▸ Directions for this task:
Reproduce, word for word, all of the records; the pictures stay out.

▸ The data:

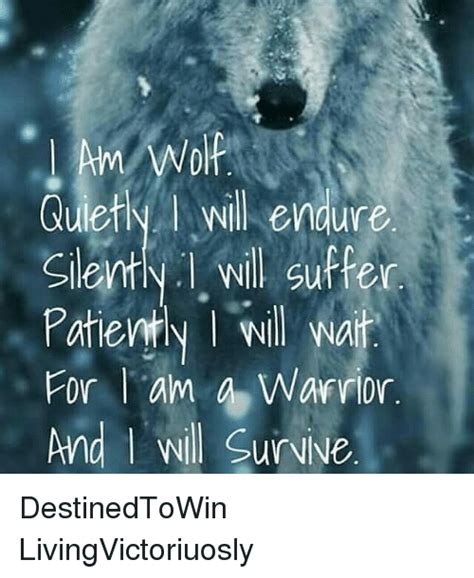 Am Wolf Quietly L Wil Endure Silently L Will Suffer Patiently Wil War Por Am Warrior And Will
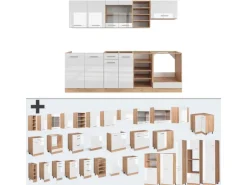 Vicco R-Line Küchenzeile Weiß Hochglanz/Goldkraft Eiche 240 cm ohne Arbeitsplatte ohne E-Geräte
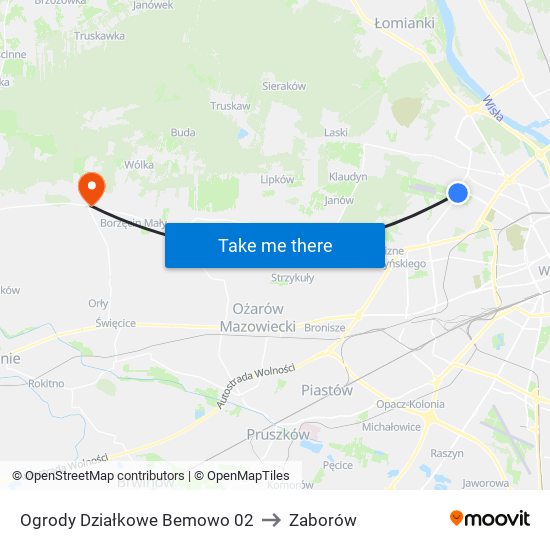 Ogrody Działkowe Bemowo 02 to Zaborów map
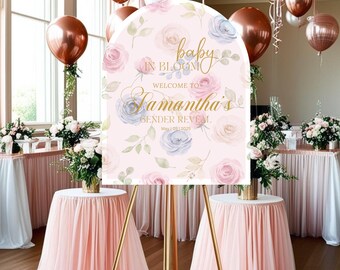 Pastel Pink & Blue Roses Welcome Sign - Gender Reveal Baby Shower Sign - Spring Baby Shower Decor - Floral Foam Arch Sign, Summer Baby Party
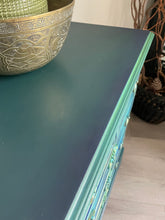 Load image into Gallery viewer, Vintage Chest Of Drawers Hand Painted With Boho Blends, Teal, Blue & Green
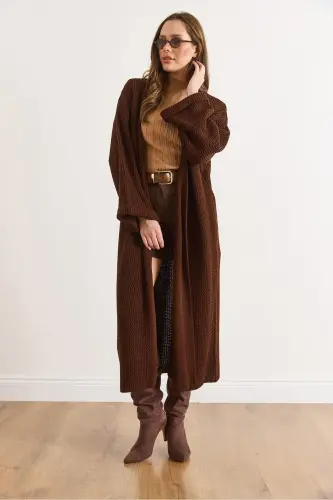 Kadın Acı Kahve Manşeti Katlamalı Maxi Triko Hırka HRK-19000297-Acı Kahve - 6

▸ Output of the exercise:
 Am Wolf Quietly L Wil Endure Silently L Will Suffer Patiently Wil War Por Am Warrior And Will
 Vicco R-Line Küchenzeile Weiß Hochglanz/Goldkraft Eiche 240 cm ohne Arbeitsplatte ohne E-Geräte
 Ogrody Działkowe Bemowo 02 to Zaborów map
 Pastel Pink & Blue Roses Welcome Sign - Gender Reveal Baby Shower Sign - Spring Baby Shower Decor - Floral Foam Arch Sign, Summer Baby Party
 Load image into Gallery viewer, Vintage Chest Of Drawers Hand Painted With Boho Blends, Teal, Blue & Green
 Kadın Acı Kahve Manşeti Katlamalı Maxi Triko Hırka HRK-19000297-Acı Kahve - 6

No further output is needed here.